What is collagen protein, and why does it matter?
Collagen is a protein that our bodies naturally create from amino acids. However, by the age of 25, our collagen production decreases dramatically. This is why we start to notice changes in our bones, joints, and skin in our mid-twenties to early thirties. Collagen is important because it provides structure to our skin, hair, nails, bones, and joints, but it also plays a role in our body’s natural detoxification process and aids in the absorption of important nutrients that slow down the aging process.
This important protein is responsible for giving the body’s tissues their strength and elasticity. As we age, our bodies produce less collagen, which can lead to wrinkles, sagging skin, and joint pain. Some research has shown that taking collagen supplements can help to reduce these signs of aging and improve overall health.
Collagen is made up of a number of amino acids, including glycine, proline, and hydroxyproline. It’s typically derived from animal sources, such as cows or pigs. However, there are also some plant-based sources of collagen, such as rice bran and soybeans.
When taken as a supplement, collagen typically comes in powder form. It can be added to liquids such as water, juice, or smoothies. It’s also available in pill and capsule form. Collagen supplements are generally considered safe, but it’s always best to speak with a healthcare provider before starting any new supplement.

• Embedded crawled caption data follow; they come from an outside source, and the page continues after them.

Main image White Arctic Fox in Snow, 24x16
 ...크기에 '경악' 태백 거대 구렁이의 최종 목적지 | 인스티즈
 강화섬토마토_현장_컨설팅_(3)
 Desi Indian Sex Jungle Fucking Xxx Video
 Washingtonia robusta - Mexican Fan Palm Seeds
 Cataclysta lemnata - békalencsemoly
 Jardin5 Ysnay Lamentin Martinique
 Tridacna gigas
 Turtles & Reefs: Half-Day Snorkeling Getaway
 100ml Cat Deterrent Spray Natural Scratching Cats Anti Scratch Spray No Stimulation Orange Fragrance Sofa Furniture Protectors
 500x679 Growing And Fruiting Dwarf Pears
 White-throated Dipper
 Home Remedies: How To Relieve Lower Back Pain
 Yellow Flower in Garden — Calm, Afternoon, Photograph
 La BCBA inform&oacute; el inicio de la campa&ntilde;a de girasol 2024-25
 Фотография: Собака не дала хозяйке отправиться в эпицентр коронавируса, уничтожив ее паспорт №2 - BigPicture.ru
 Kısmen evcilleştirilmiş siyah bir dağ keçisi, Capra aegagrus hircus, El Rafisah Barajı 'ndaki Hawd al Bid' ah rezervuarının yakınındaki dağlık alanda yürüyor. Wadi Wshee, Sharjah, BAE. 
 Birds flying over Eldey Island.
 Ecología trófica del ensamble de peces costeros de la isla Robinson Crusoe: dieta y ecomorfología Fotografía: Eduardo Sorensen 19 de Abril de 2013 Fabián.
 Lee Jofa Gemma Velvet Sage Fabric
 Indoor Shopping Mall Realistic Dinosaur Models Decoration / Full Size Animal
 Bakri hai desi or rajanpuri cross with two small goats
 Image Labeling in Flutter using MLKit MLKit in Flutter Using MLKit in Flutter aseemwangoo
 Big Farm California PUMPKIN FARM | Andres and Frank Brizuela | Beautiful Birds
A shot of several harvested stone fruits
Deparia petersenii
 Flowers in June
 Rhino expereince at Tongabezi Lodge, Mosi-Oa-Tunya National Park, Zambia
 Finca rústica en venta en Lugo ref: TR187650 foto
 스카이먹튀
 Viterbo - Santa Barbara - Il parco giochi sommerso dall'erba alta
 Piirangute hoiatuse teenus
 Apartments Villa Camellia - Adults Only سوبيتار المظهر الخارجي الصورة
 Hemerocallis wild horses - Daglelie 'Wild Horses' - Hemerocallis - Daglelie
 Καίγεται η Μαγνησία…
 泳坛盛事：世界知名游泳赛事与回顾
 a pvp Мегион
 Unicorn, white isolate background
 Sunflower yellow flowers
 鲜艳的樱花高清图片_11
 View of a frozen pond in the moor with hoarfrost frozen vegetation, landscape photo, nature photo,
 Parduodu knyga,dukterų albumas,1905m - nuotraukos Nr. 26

These days, many women are turning to collagen supplements in order to fight those pesky signs of aging. But what exactly are the benefits of collagen in women? Let’s take a deeper dive into that question!
What Are the Proven Benefits of Collagen?
Collagen is made naturally in our bodies from protein and nutrients in the meals we consume. There are many forms of collagen, each with its own function. Type I collagen, for example, is well-known for maintaining skin suppleness, whereas type II collagen aids in joint protection.
Overall, the collagen supplement research is sparse, and many of the published studies appear to be from collagen product manufacturers, so it’s hard to say what the proven benefits are. A handful of studies have, however, shown how collagen has typically affected the skin, bones, joints, and muscles of those who have taken the supplement regularly.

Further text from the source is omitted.